Letters I've Written

My father’s LP collection these days sits lost and unloved in a plastic storage container in the loft of our old family home. Which is why the last time I travelled to visit I was on a mission to rescue one disc in particular. One which I remember him owning when I was very young but whose significance I never truly appreciated until later.

My father’s musical tastes were never that extensive or even that sophisticated if I am being honest. He’d be as much likely to listen to Mantovani as Abba. Which is why this one stands out as a remarkable oasis of cool.

futurepassed

I'm Just A Singer...

The Moody Blues are one of those curious British acts whose stature and reputation is far greater overseas than it ever was in their home country.
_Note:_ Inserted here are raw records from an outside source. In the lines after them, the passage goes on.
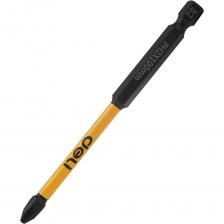 Набор торсионных бит для ударных шуруповертов Deli DL251100 Профессиональный комплект для интенсивных работ с крепежом 10 торсионных бит PH2x100 мм из высокопрочной стали S2 с мощным магнитом. Специально разработаны для работы с ударными шуруповертами. Удобный пластиковый кейс обеспечивает порядок хранения. Ключевые особенности: Тип PH2 крестообразный шлиц Длина 100 мм для работы в труднодоступных местах Сталь S2 повышенной прочности Мощный магнит для надежной фиксации крепежа Торсионная конструкция для работы с ударным инструментом Преимущества: Выдерживают экстремальные ударные нагрузки Предотвращают потерю саморезов при работе Устойчивы к деформации и износу Подходят для профессионального использования Экономят время при интенсивной работе Применение: Строительные и монтажные работы Мебельная сборка и ремонт Кровельные работы Авторемонт и сервисное обслуживание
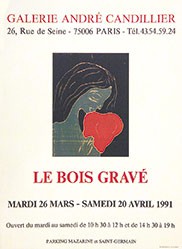 Anonym - Le bois gravé - Galerie André Candillier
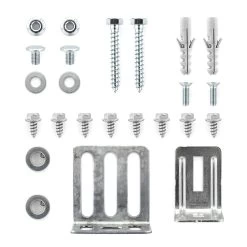 Hörmann Klapprollenhalter Torbelüftung LZ Bis 3000 Mm -Heimwerkzeuge 4015282 hoermann set 1 torlueftung lz bis 3000 mm montagematerial 1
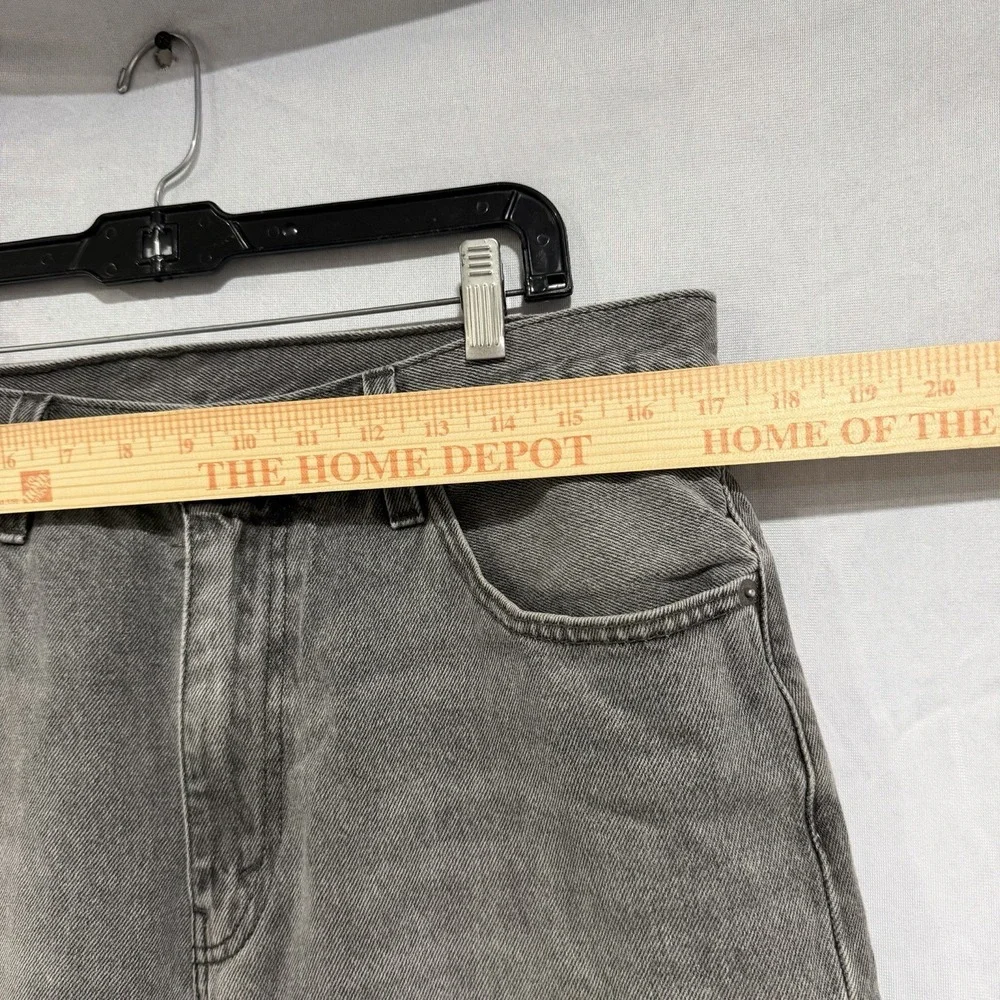 Levi's Jeans Men's 550 Relaxed Straight Black Medium Wash‎ 34x30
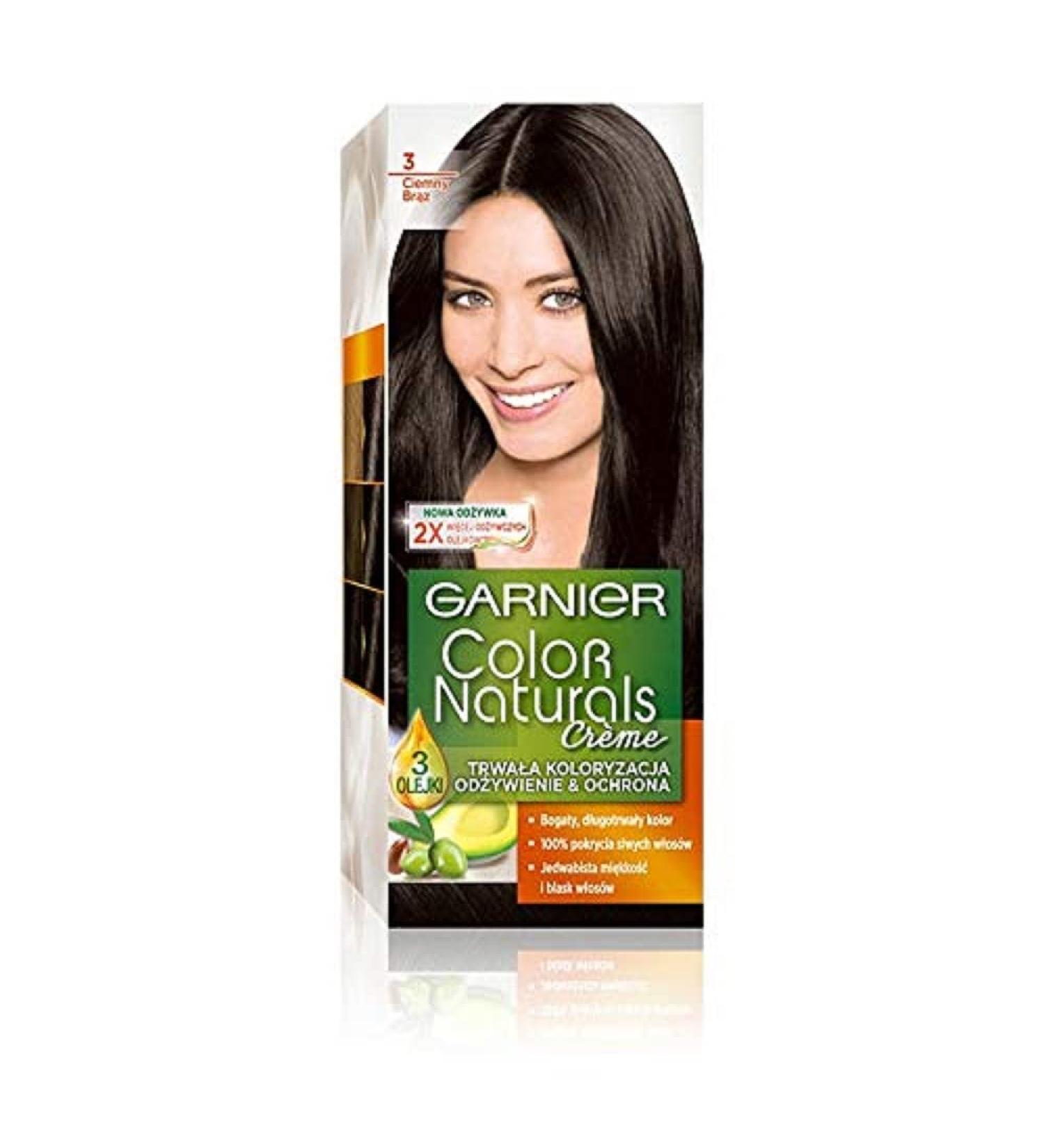 Garnier Garnier Color Naturals Hair Colouring Cream 4.00 Dark Dark Brown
For sure they had a huge fanbase, and their work over the years in receipt of its fair share of respect, but you rarely hear them mentioned in dispatches as one of the most legendary acts of their era, or have their sheer career longevity spoken of in the same glowing terms as many of their contemporaries.
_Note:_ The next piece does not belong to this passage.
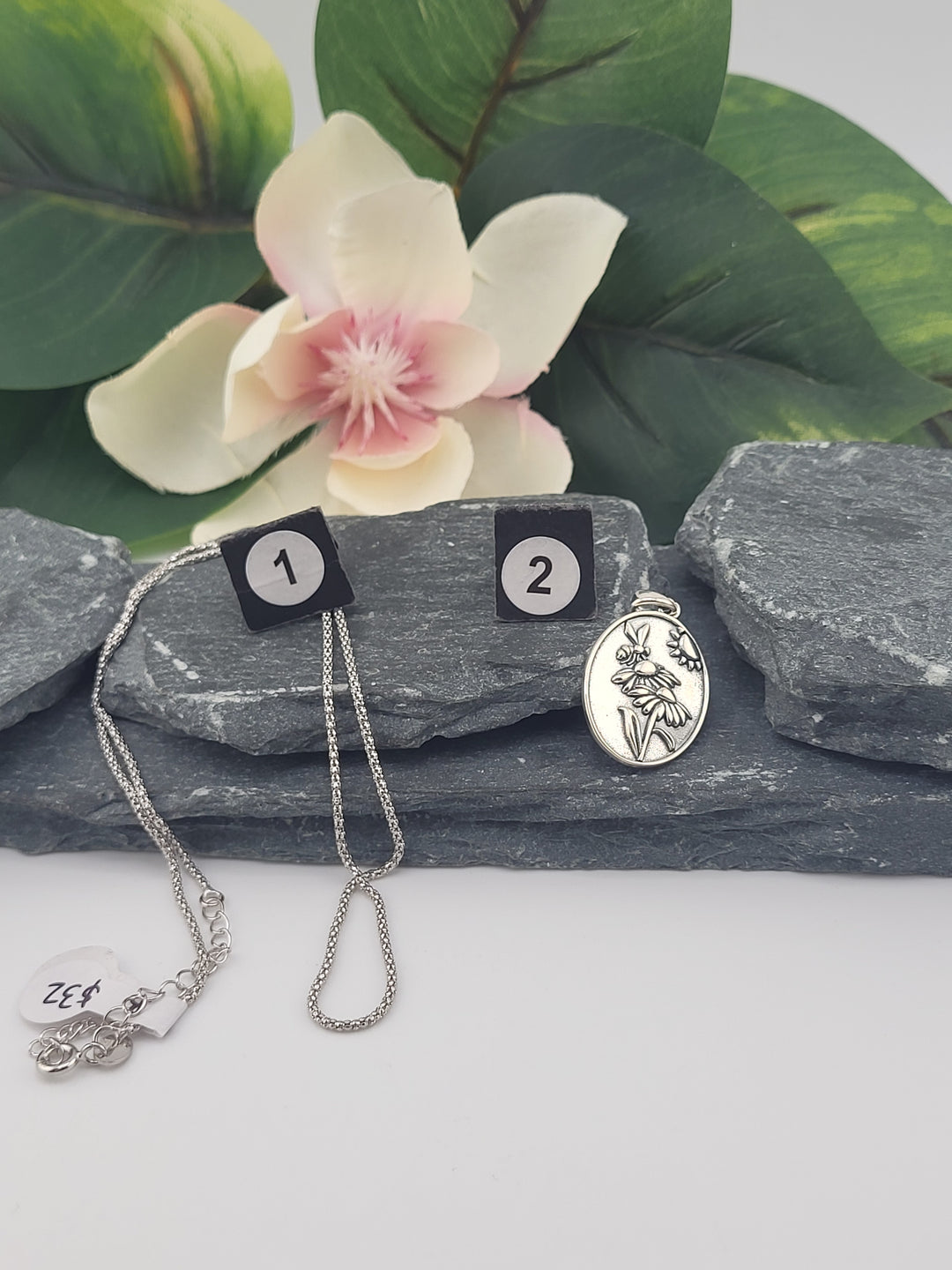 RESERVED FOR: Bri🌙✨️ - 1/31/2025 Show -2 Sterling Silver Items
But here in the video which accompanied their induction into the Rock And Roll Hall of Fame, you get some idea of the reverence with which they are held in the States. A huge concert draw, creators of a famous run of big hit albums. And worthy inductees.

Wildest Dreams

This wouldn’t be a piece by me if it didn’t include a random piece of statistical nerdery, so let’s try this on for size. The Moody Blues are unique in American chart history. They have enjoyed three Top 10 hits on the Hot 100 during their career. One in the 1960s, one in the 1970s and one in the 1980s. Which is a feat nobody else can boast.

Their 1980s hit came during what you might view as the final phase of the group’s active career. Phase 1 was the Denny Laine-led mid-60s first incarnation. Phase 2 was their late 60s/early 70s “core seven” phase during which time they produced their most famous albums, the run stretching from Days Of Future Passed through to Seventh Sojurn.
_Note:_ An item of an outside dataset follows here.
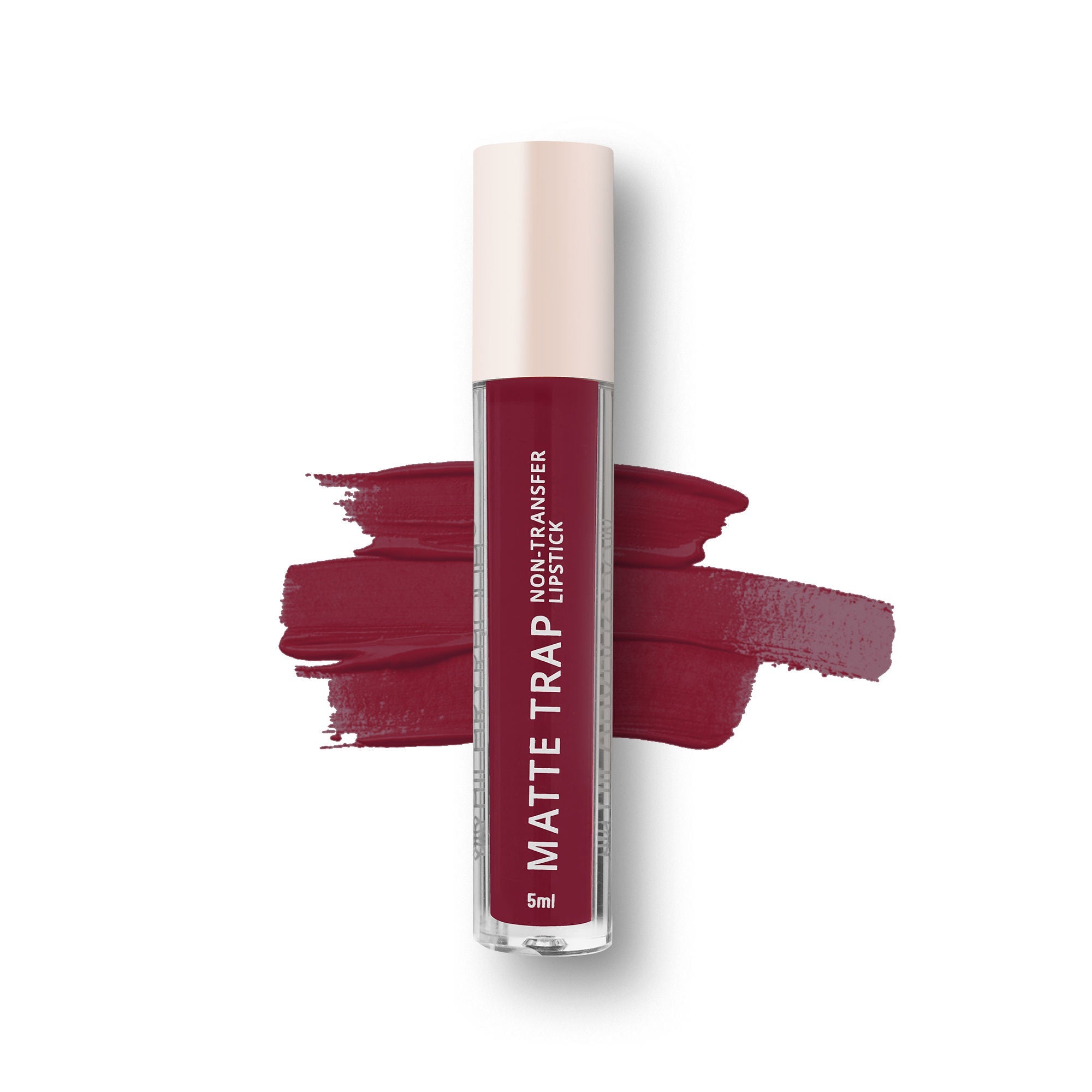 Hilary Rhoda Matte Trap Liquid Lipstick - Midnight Magenta 25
Phase 3 began in 1977 following their three-year hiatus from performing, the departure of Mike Pinder and his Mellotron meaning the group steadily pivoted towards a more lavish, sophisticated electropop sound. This was also thanks to the influence of producer Tony Visconti and it was his work on their 1986 album The Other Side Of Life which gave the veteran performers the aforementioned final Top 10 hit single, Your Wildest Dreams hitting Number 9 in America and briefly making them in heavy demand on MTV.

Yet towards the end of this period they also came damn close to a final, valedictory UK hit single. One which as far as I am concerned is one of the great lost hits of its time.

Return Again To You

Visconti was back in the chair for the group’s thirteenth album Sur La Mer, released in June 1988. The exquisite four-piece harmonies of the past were by now a distant memory, vocals now simply handled in equal measure by Justin Hayward and John Lodge in equal measure. But buried in the tracklisting was the pop epic I Know You’re Out There Somewhere, an extraordinary piece of work that belied the group’s veteran status and sounded for all the world like an act at the peak of their powers and destined to race up the charts.

It very nearly did as well, accelerating after a slow start to become the first Top 75 single for the Moody Blues in five years. It had the occasional spin on the more adult sections of the Radio One weekend schedule but frustratingly never quite found its way onto the daytime playlists. Number 52 was the track’s eventual peak, achieved in the last week of June and it is to date the Moody Blues’ last ever British chart entry.

Was it too far-fetched to imagine it could have been a hit? Just a few months earlier their fellow late-60s contemporaries The Bee Gees topped the charts once more with brand new material. In September 1988 The Hollies returned to the top with a re-release from that same era. You cannot help but think the Moodies missed out by a whisker. We might have been talking about their famous final hurrah, rather than lamenting just what might have been. And then we might also have been able to talk of them in terms of being one of the more legendary acts of their era, spanning the generations effortlessly. Instead, they just remain the guys who did Nights In White Satin. Which isn't even the best track on Days Of Future Passed.